Extracted records START

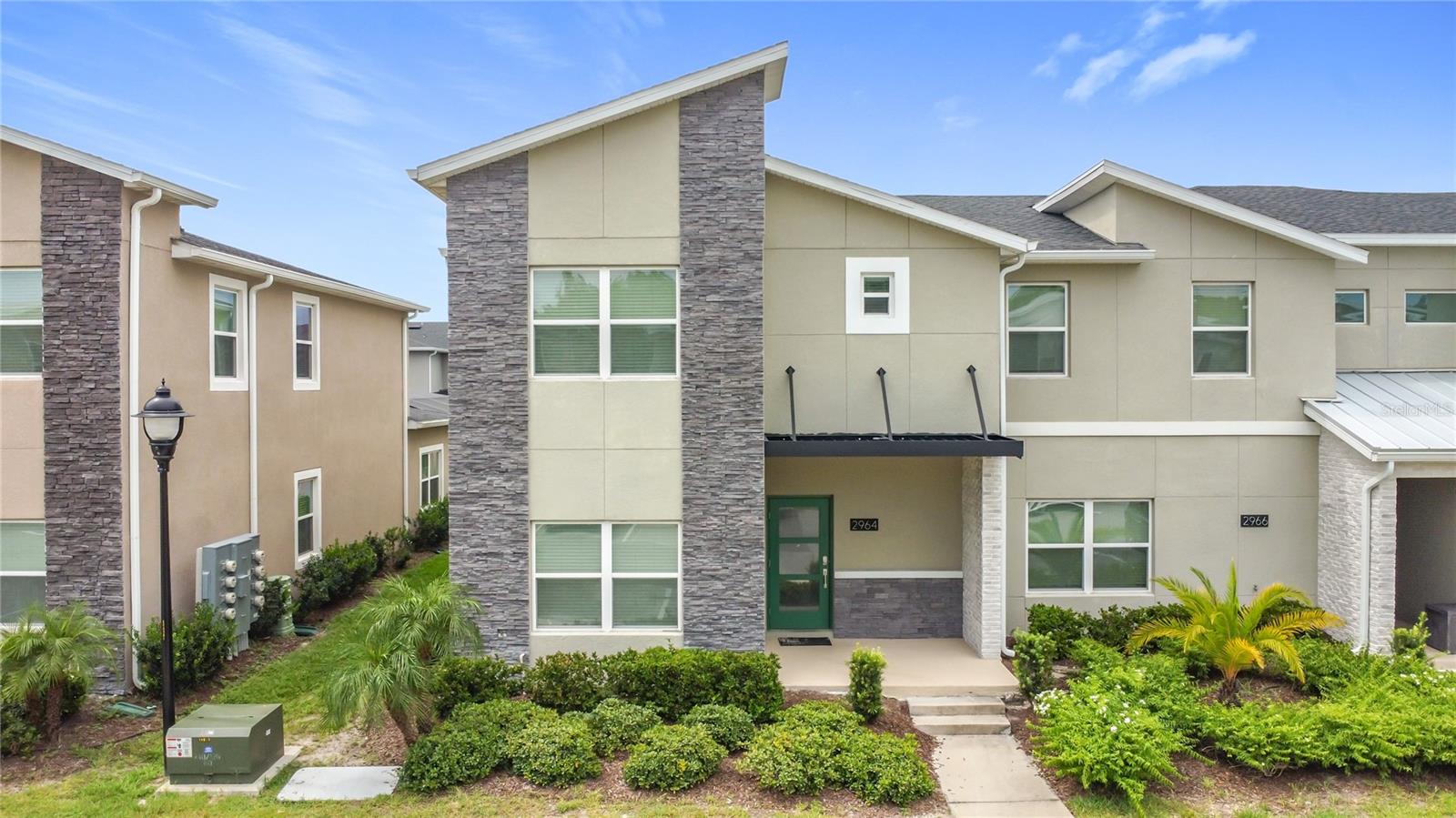 Located in the heart of Storey Lake, one of Central Florida’s most desirable and profitable short-term rental communities, this stunning 5-bedroom, 4-bathroom townhome combines luxury, location, and unforgettable vacation appeal. Just 15 minutes from Walt Disney World and a short drive to Universal Studios, world-class dining, shopping, and entertainment, this property is perfectly positioned for maximum rental visibility and performance. Built in 2021, the home offers over 2,100 square feet of thoughtfully designed living space with high-end finishes throughout. From the moment guests walk in, they’ll be drawn to the bright, modern interior featuring a spacious open-concept living area, a sleek kitchen outfitted with stainless steel appliances and quartz countertops, and a seamless flow to the private, screened-in pool area—ideal for relaxing after long park days. Themed bedrooms take this property to the next level, with a Frozen-inspired room and an action-packed Superhero room that create magical moments and social-media-worthy memories for families and vacationers alike. This home not only captures the essence of the Central Florida vacation lifestyle, but it also delivers impressive income potential. As part of the amenity-rich, gated Storey Lake community, owners and guests enjoy exclusive access to two resort-style clubhouses with lazy rivers, sparkling pools, fitness centers, tiki bars, mini-golf, and playgrounds—all in a gated, family-friendly environment that keeps guests coming back year after year. Whether you're looking to expand your STR portfolio or secure an income producing second home in a proven location, don’t miss your chance to own in one of Kissimmee’s most competitive and sought-after resort neighborhoods.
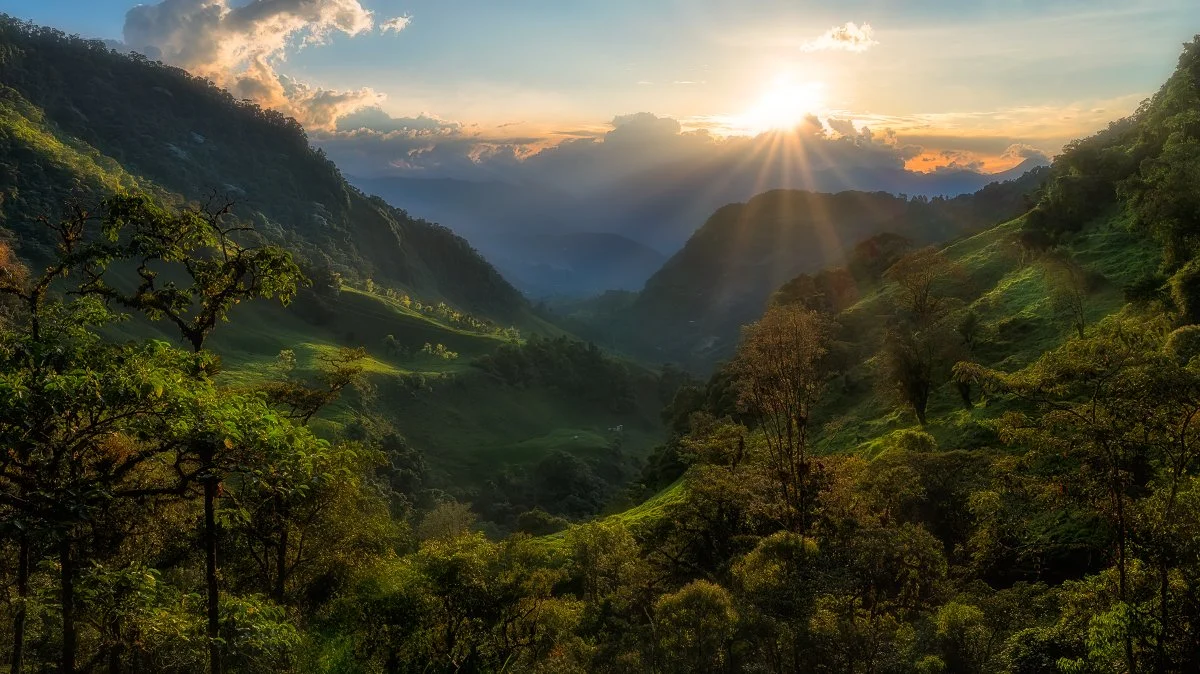Stunning Final View at the 7 Cascades Hike in Jardin, Colombia: Sunset Over Lush Green Valleys, Majestic Mountain Landscape, Adventure Travel Photography.
  Golden Hour, Light  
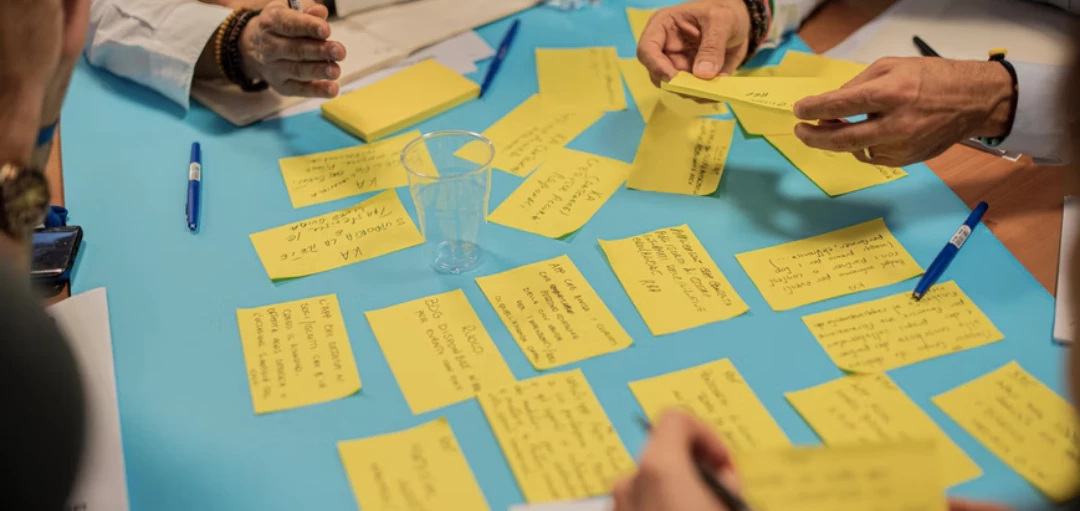 Menschen sammeln Ideen auf gelben Post-It Notizzetteln 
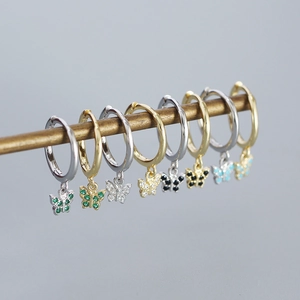 Detail of s925 silver butterfly earrings featuring colorful inlaid cubic zirconia stones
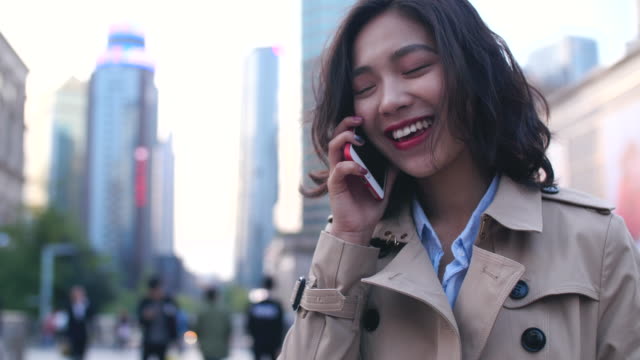 Ziemlich-glücklich-junge-Asiatin-telefonieren-mit-dem-Handy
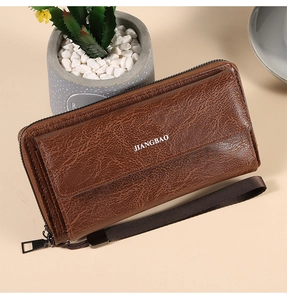 Brown leather wallet detail with lychee texture, large zipper pocket, and wrist strap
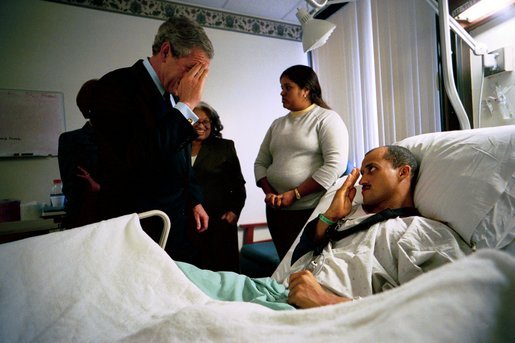 After presenting him The Purple Heart, President George W. Bush salutes U.S. Army Staff Sergeant Santiago Frias of Bronx, N.Y., at Walter Reed Army Medical Center in Washington, D.C., Friday, March 19, 2004. Sgt. Frias was injured while serving in Operation Iraqi Freedom. Also pictured is Sgt. Frias' mother, Cristina DeJesus, left, and his wife, Nejil. White House photo by Eric Draper.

Extracted records END

• _What is expected_
What you write out is the stretch of entries from the line containing "Golden Hour, Light" to the line containing "Brown leather wallet", word for word, with both end lines and no pictures.

• _Result below_
  Golden Hour, Light  
 Menschen sammeln Ideen auf gelben Post-It Notizzetteln 
 Detail of s925 silver butterfly earrings featuring colorful inlaid cubic zirconia stones
 Ziemlich-glücklich-junge-Asiatin-telefonieren-mit-dem-Handy
 Brown leather wallet detail with lychee texture, large zipper pocket, and wrist strap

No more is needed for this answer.